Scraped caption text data
......
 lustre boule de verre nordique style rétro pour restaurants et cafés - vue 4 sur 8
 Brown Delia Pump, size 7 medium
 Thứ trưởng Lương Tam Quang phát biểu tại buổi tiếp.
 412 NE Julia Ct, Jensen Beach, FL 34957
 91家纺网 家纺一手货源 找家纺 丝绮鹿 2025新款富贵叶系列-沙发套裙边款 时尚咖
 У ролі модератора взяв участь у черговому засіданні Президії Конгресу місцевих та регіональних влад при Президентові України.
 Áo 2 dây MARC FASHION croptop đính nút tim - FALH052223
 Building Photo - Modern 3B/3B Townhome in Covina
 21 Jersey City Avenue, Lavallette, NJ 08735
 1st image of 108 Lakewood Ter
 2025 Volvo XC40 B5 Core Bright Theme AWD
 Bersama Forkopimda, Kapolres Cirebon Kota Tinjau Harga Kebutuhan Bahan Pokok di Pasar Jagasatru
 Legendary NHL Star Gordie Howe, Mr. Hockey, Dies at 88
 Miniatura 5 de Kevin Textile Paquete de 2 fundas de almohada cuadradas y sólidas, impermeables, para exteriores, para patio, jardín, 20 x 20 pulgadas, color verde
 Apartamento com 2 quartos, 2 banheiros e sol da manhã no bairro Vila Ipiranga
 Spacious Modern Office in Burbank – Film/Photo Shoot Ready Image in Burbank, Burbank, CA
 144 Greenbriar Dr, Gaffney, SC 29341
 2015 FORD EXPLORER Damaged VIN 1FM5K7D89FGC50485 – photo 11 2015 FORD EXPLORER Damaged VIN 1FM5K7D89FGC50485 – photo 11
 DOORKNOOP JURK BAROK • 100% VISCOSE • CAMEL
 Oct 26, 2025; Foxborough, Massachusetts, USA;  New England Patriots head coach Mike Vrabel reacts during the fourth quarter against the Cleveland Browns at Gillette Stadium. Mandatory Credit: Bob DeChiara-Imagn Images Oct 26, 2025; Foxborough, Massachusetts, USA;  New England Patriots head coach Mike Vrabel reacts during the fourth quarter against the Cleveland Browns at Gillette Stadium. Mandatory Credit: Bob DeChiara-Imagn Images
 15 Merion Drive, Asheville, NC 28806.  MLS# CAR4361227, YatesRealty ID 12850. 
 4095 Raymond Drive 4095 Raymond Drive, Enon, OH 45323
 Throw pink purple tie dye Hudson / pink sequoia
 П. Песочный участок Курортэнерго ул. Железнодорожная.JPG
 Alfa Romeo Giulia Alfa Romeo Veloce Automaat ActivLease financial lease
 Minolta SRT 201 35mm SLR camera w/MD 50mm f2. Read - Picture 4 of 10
......
How to complete this task: What do the lines above say from the one containing "Brown Delia Pump, size 7 medium" down to the one containing "DOORKNOOP JURK BAROK • 100% VISCOSE • CAMEL"? Return them exactly, both end lines included, and only them.

Output for this task:
 Brown Delia Pump, size 7 medium
 Thứ trưởng Lương Tam Quang phát biểu tại buổi tiếp.
 412 NE Julia Ct, Jensen Beach, FL 34957
 91家纺网 家纺一手货源 找家纺 丝绮鹿 2025新款富贵叶系列-沙发套裙边款 时尚咖
 У ролі модератора взяв участь у черговому засіданні Президії Конгресу місцевих та регіональних влад при Президентові України.
 Áo 2 dây MARC FASHION croptop đính nút tim - FALH052223
 Building Photo - Modern 3B/3B Townhome in Covina
 21 Jersey City Avenue, Lavallette, NJ 08735
 1st image of 108 Lakewood Ter
 2025 Volvo XC40 B5 Core Bright Theme AWD
 Bersama Forkopimda, Kapolres Cirebon Kota Tinjau Harga Kebutuhan Bahan Pokok di Pasar Jagasatru
 Legendary NHL Star Gordie Howe, Mr. Hockey, Dies at 88
 Miniatura 5 de Kevin Textile Paquete de 2 fundas de almohada cuadradas y sólidas, impermeables, para exteriores, para patio, jardín, 20 x 20 pulgadas, color verde
 Apartamento com 2 quartos, 2 banheiros e sol da manhã no bairro Vila Ipiranga
 Spacious Modern Office in Burbank – Film/Photo Shoot Ready Image in Burbank, Burbank, CA
 144 Greenbriar Dr, Gaffney, SC 29341
 2015 FORD EXPLORER Damaged VIN 1FM5K7D89FGC50485 – photo 11 2015 FORD EXPLORER Damaged VIN 1FM5K7D89FGC50485 – photo 11
 DOORKNOOP JURK BAROK • 100% VISCOSE • CAMEL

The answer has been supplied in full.